For Blake Little’s latest work, “Preservation,” Little executes a simple premise and a singular technique in which his mostly unclothed subjects are covered in gallons of honey while being photographed in the studio. It’s unwieldy, and evidence of that carries through into the pictures, in the faces and bodies of the models and in the dramatic configurations of the honey itself -- all serving to highlight this unique creative process further. Though the most profoundly transformative magic of Preservation resides in the book’s finished portfolio of images, it is still impossible for the viewer to avoid an empathetic moment deconstructing how it was done at every turn.

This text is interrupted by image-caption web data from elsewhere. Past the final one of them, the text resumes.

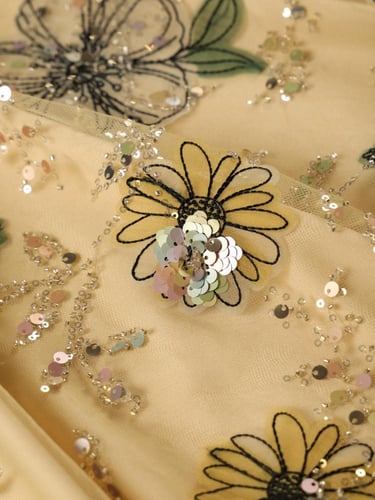 تل مطرز مشغو شك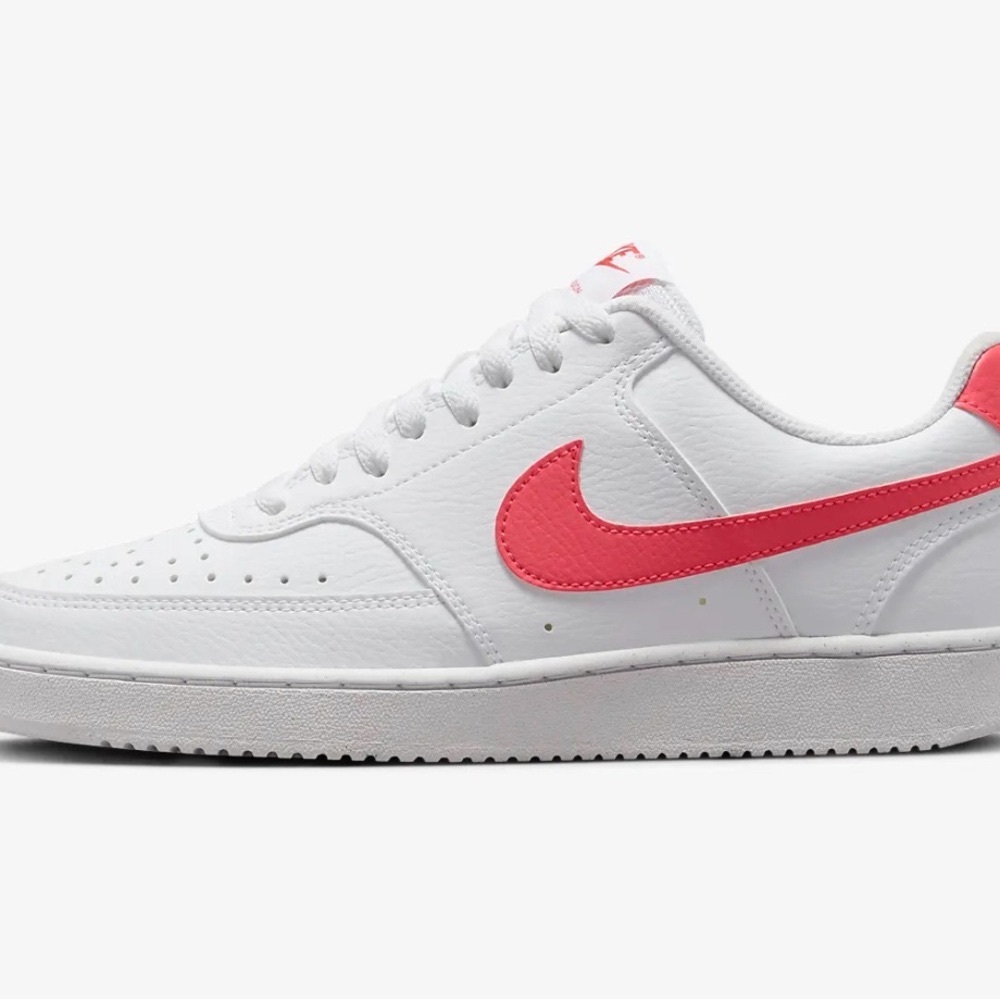 NIKE - Picture 4 of 4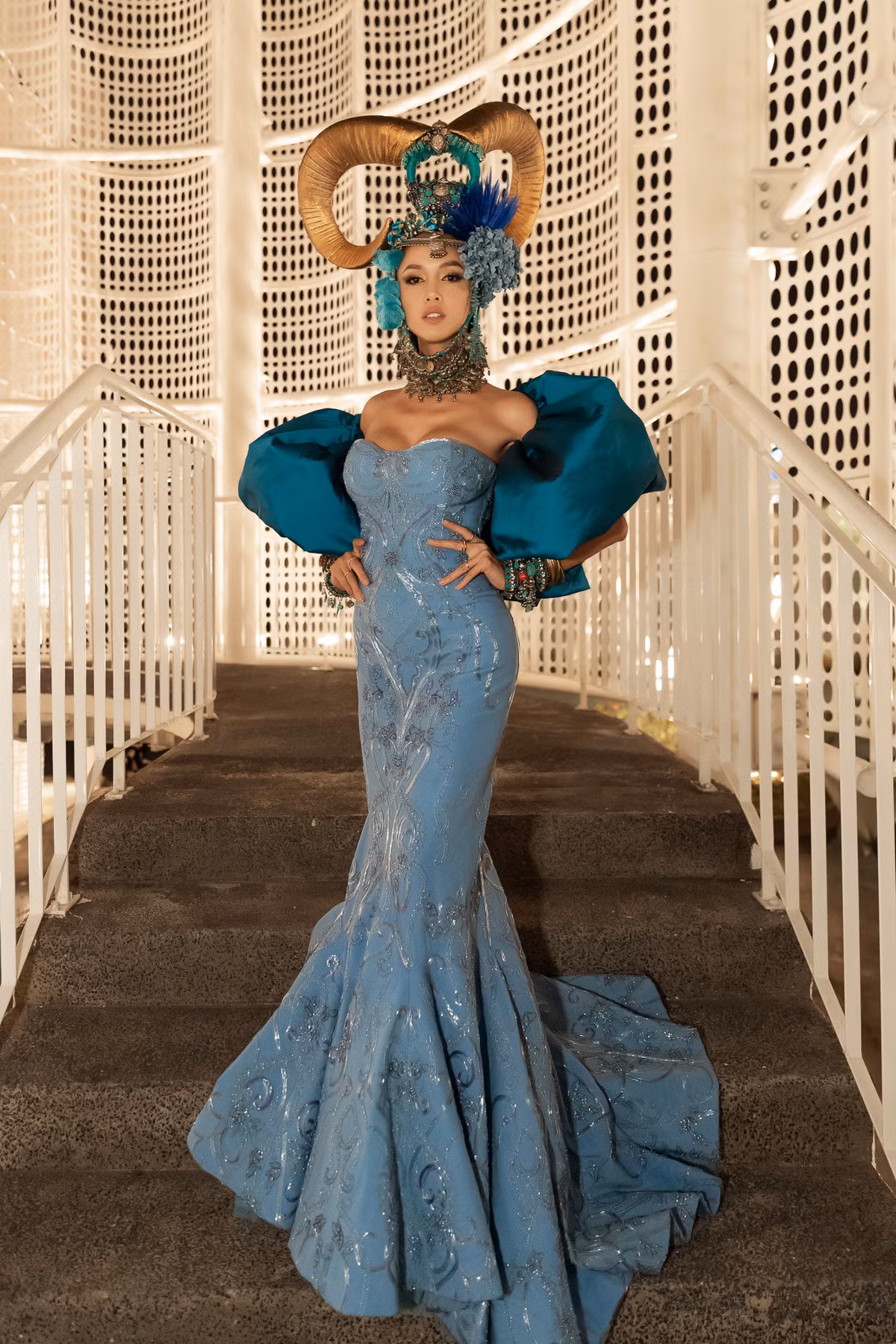 Tối 21.6 tại TPHCM, hàng trăm nghệ sĩ nổi tiếng đã tham gia đêm nhạc "I am Diva" của ca sĩ Thu Minh. Gây chú ý nhất là sự xuất hiện của “bom sexy” Vũ Ngọc Anh.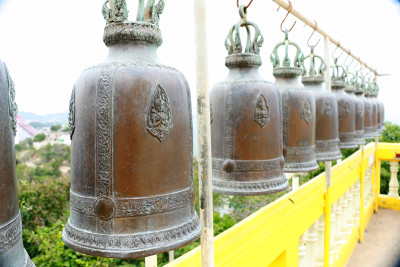 泰国华欣Khao takiap庙里的钟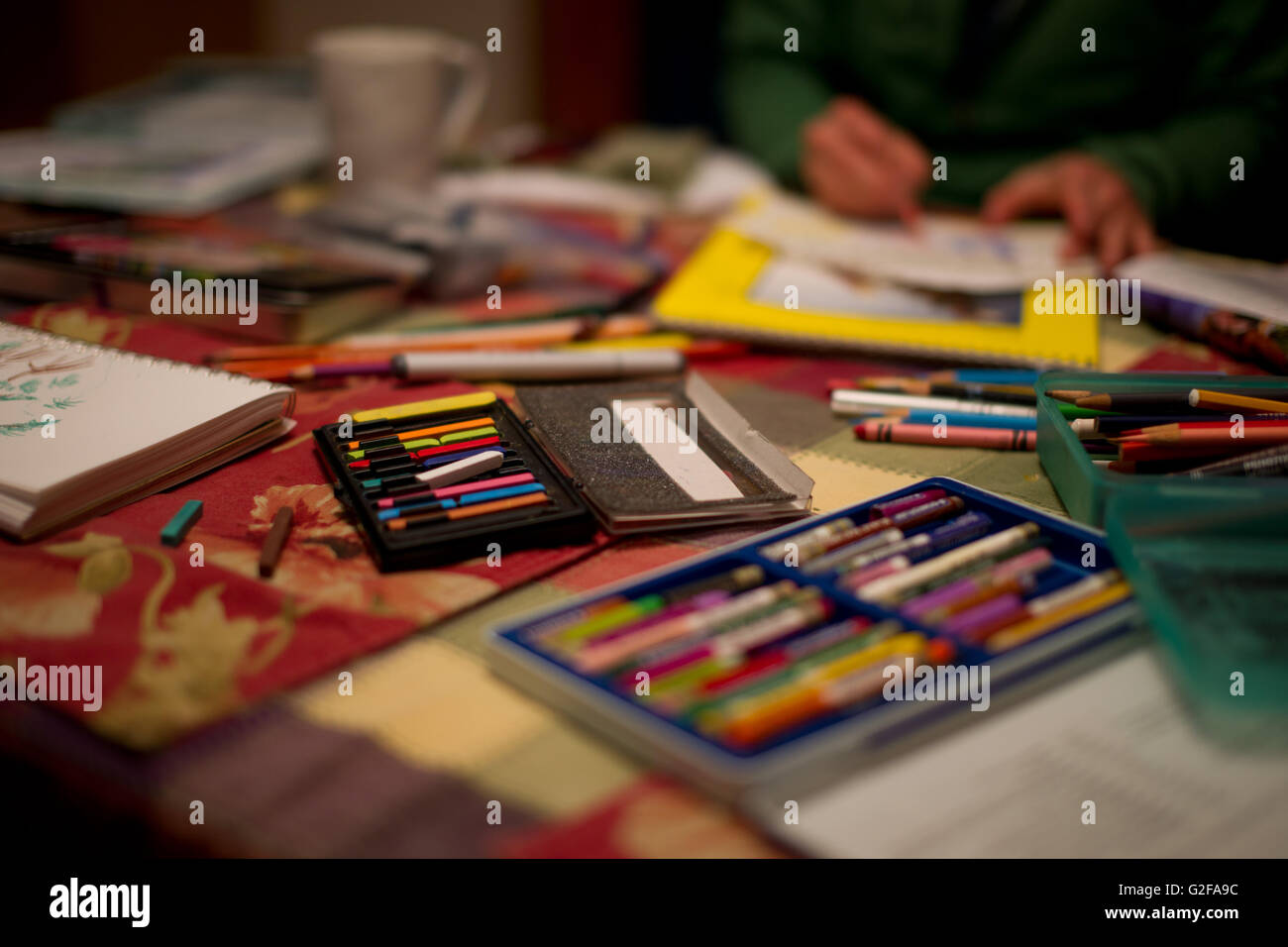 Le tableau rempli de fournitures artistiques Banque D'Images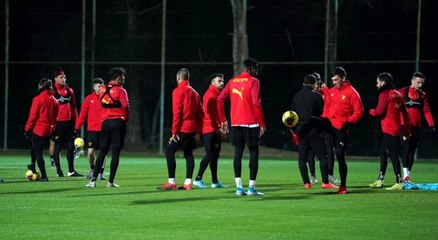 Göztepe'de Antalya kampı başladı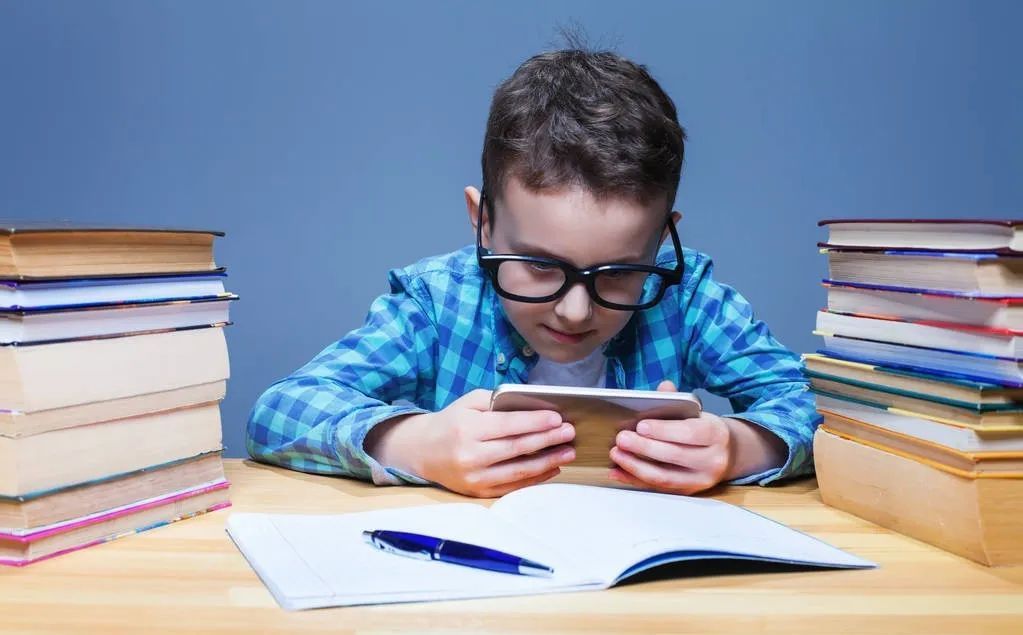 小升初沉迷手机游戏的原因-小升初关键期,孩子为何沦为手机游戏俘虏?家长需警惕(图2) 沉迷手游无法自拔怎么办_沉迷手机游戏的解决办法_小升初沉迷手机游戏的原因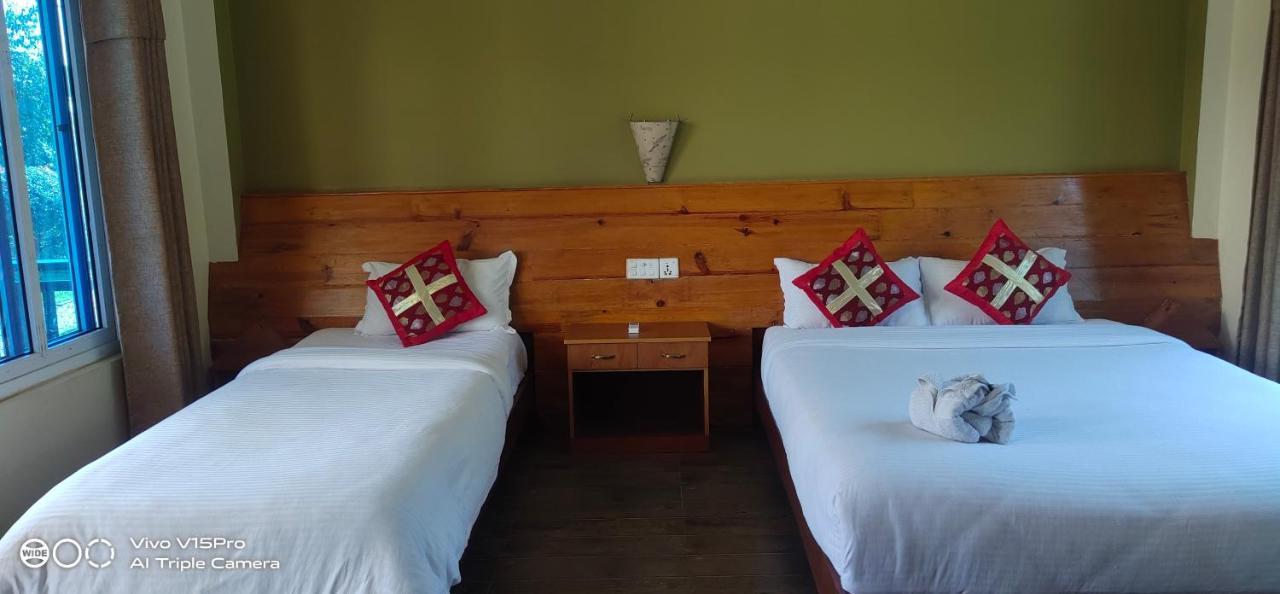 Hotel Hornbill Sauraha Extérieur photo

Honey. It is one of the most evocative words we have. It’s a food, a scent, and a term of endearment. Its production is one of the most magical of nature’s processes. It’s a metaphor and a symbol, a color, a sweetness, and a frequent element in homemade cures. One thing it typically is not, however, is a raw material of visual art, like paint or clay. But in fact its irresistible physicality is heavy, dense, sticky, and fluid; and its seductive aesthetic properties of luminosity, transparence, refraction, and motion make for compelling sculptural and photographic optics — especially when it comes into contact with the human body.

Little worked with Craig’s List actors. His ad just said “art project” and no further details were given until they arrived. He says 80% of the people stayed once they heard the plan. Over the course of 15 ten-hour days between 2012 and 2014, he saw dozens of people and thwarted a swarm of rogue robber bees. The little baby named Riot, the exuberant tattooed couple, the obese lady, the dog, the elderly, the young and innocent, the nubile and statuesque -- the goal, well met, was to depict as wide a range of humanity as possible. “I wanted interesting, unique people, not just pretty people,” says Little. Plus as a practical matter he needed exaggerated features that could stand up to the honey itself, sculpturally.

Blake Little's exhibition accompanying his new monograph opens at Kopeikin Gallery in Culver City, CA from March 7.